Pandangan Ethan lalu teralih padaku, dan tampaknya dia juga baru sadar bahwa aku sedari tadi berdiri di belakangnya, di antara dia dan Seth.

"Oh... kau lagi, Maddy." katanya dengan nada bosan. Aku menelan kedongkolanku. Seth mengangkat alisnya tinggi sekali, seolah-seolah dia mempertanyakan panggilan 'Maddy?' padaku tanpa suara. 

Kami bertiga terdiam.

"Ng... halo? Kalian nggak lihat ya antreannya masih panjang?" seorang cewek di belakang Seth memprotes jengkel.

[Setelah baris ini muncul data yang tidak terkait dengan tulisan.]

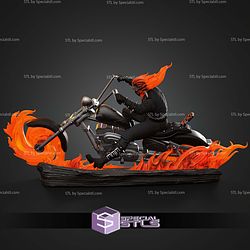 Ghost Rider Flame Motor Dioarama STL Files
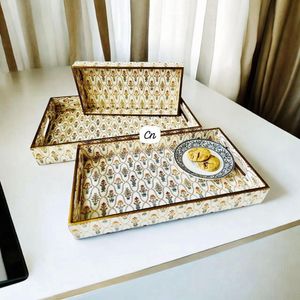 Wooden Trays-set Of 3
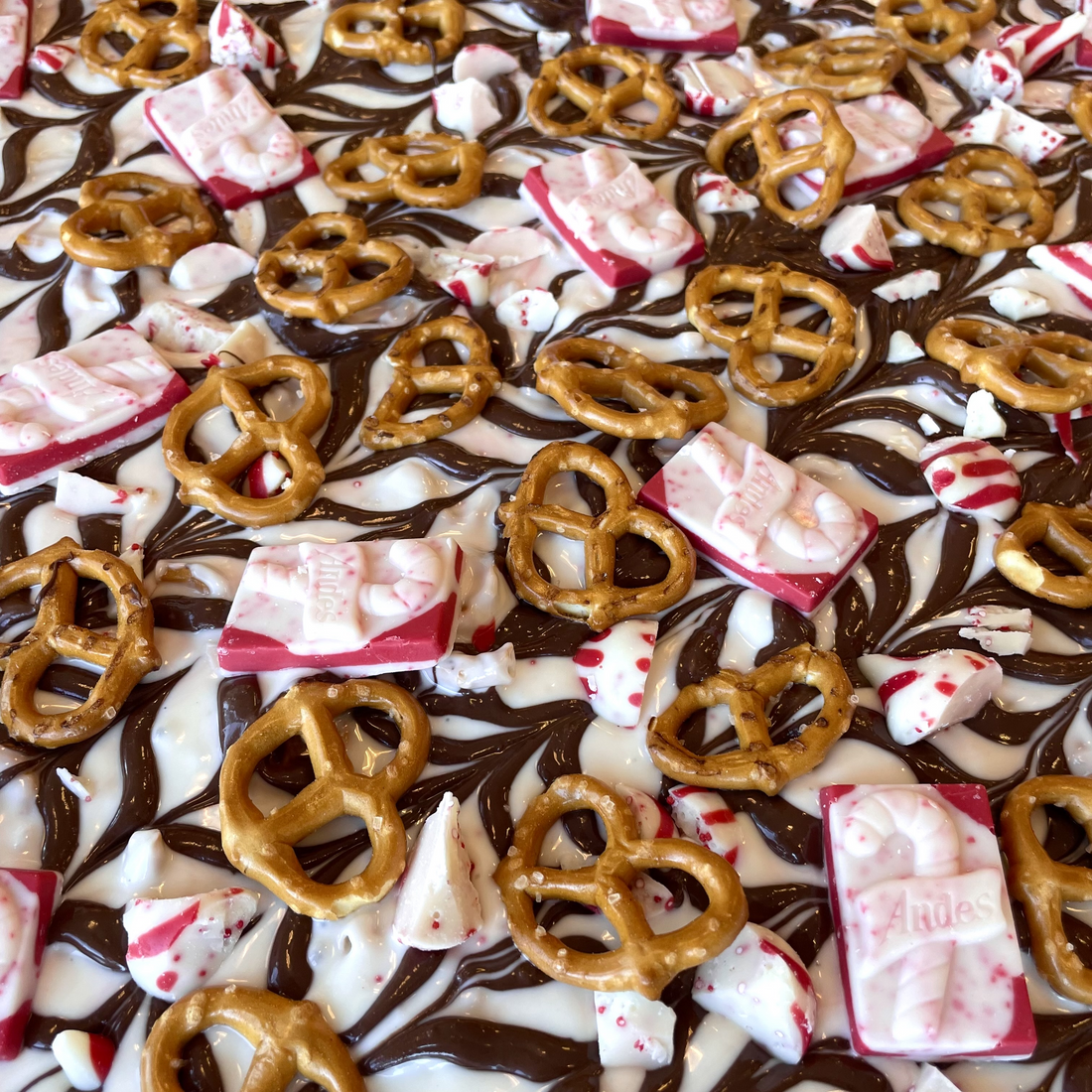 Peppermint White Chocolate Pretzel Bark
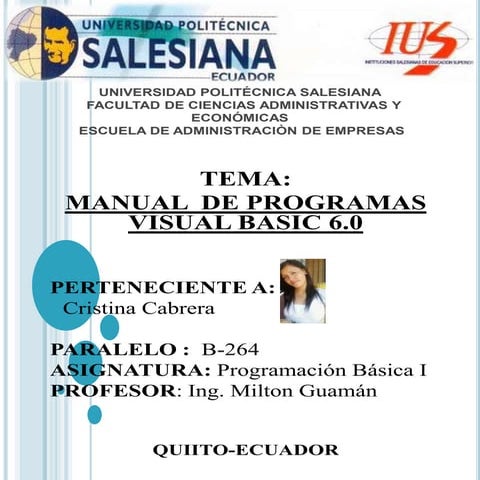 Menú de Programas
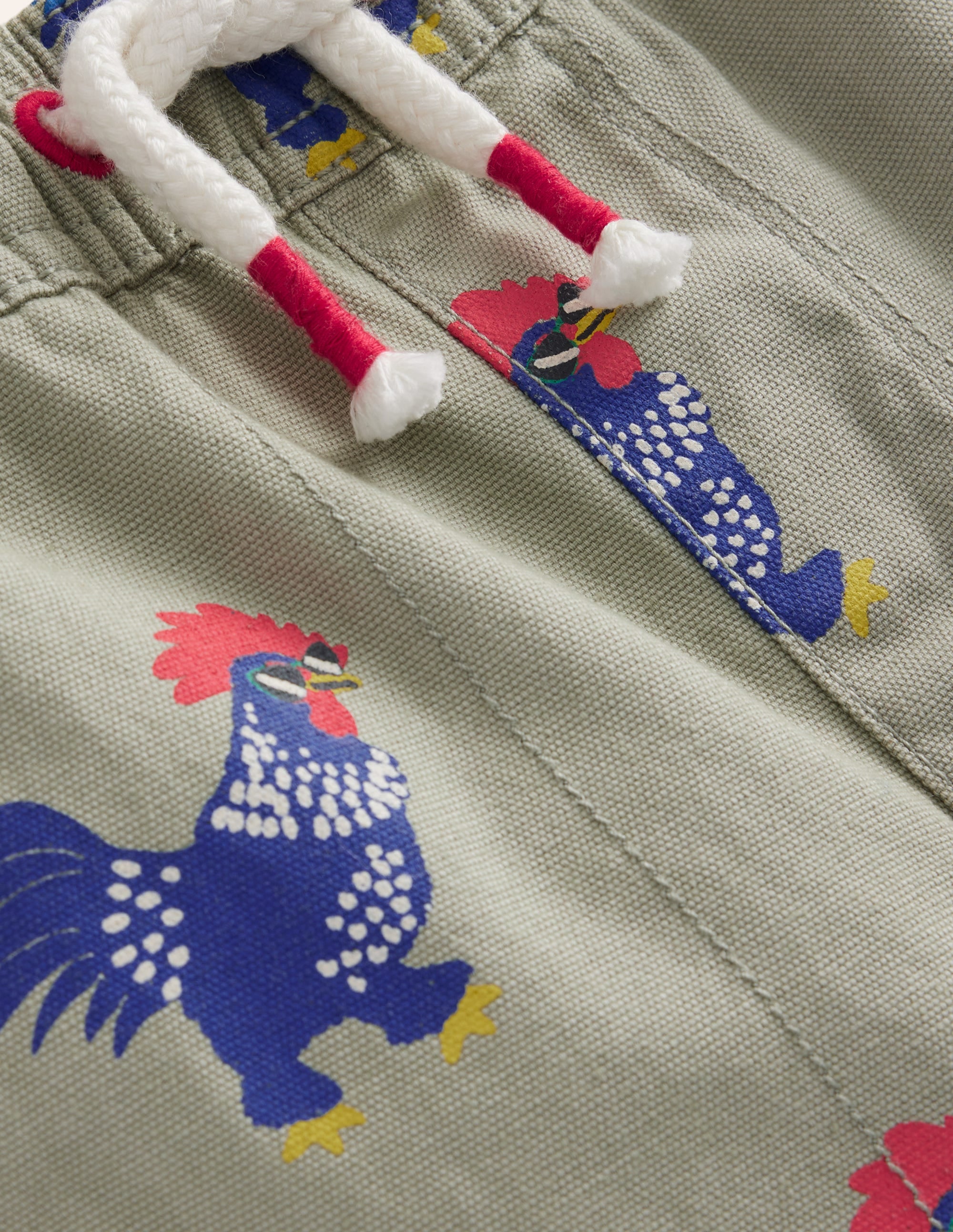  Pull-on Drawstring Shorts-Pottery Green Chicken、mySite、ashleygrahame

Aku sangat bersyukur akan kehadiran cewek itu juga pada mulut pedasnya. Seth buru-buru menyendok kentang gorengnya dengan canggung sementara Ethan memutuskan melupakan kentangnya dan keluar antrean. Sambil menggandengku.

"Kau ngap—?" aku tercengang. Seth yang juga keheranan melihat tanganku ditarik, baru akan membuka mulutnya untuk bertanya, namun didului Ethan.

"Kau keberatan kalau hari ini aku duduk dengannya?" Ethan bertanya datar. Seth, yang juga tak tahu harus berkomentar apa, hanya mengangguk, lalu ganti memandangku yang hanya mampu bengong.

"Bagus." Ethan menggiringku ke mejanya, yang ternyata sudah ditempati Ted Kyle dan pacarnya, Vanessa.

"Oh hai!" Vanessa tak tampak heran melihatku. Sebaliknya, Ted-lah yang memandangku aneh.

"Dude, sejak kapan kalian berdua pacaran?" tanyanya blak-blakan. Alisku menghilang di balik rambutku saking syoknya.

"Diamlah." Ethan mendesah letih.

Vanessa menatapku dan Ethan dengan senyuman persekutuan, "Ayo kita cari meja lain, Ted."

Ethan hanya melayangkan pandangan jengkel pada Ted, sementara Ted segera menarik Vanessa berdiri, sambil berseru, "Ayo querida, kita cari tempat lain!"

Aku duduk dan menaruh nampanku dengan canggung di meja di hadapan Ethan, sambil sesekali mengedarkan pandangan ke seisi kantin, mencari-cari Seth. Atau Leanna. Claire. Chuck. Siapa saja! Tolong!

"Aku nggak sedang merencanakan untuk menculikmu atau meninggalkanmu di tengah hutan. Rileks, Maddy." sindir Ethan sambil mengawasi gerak-gerikku yang gelisah. 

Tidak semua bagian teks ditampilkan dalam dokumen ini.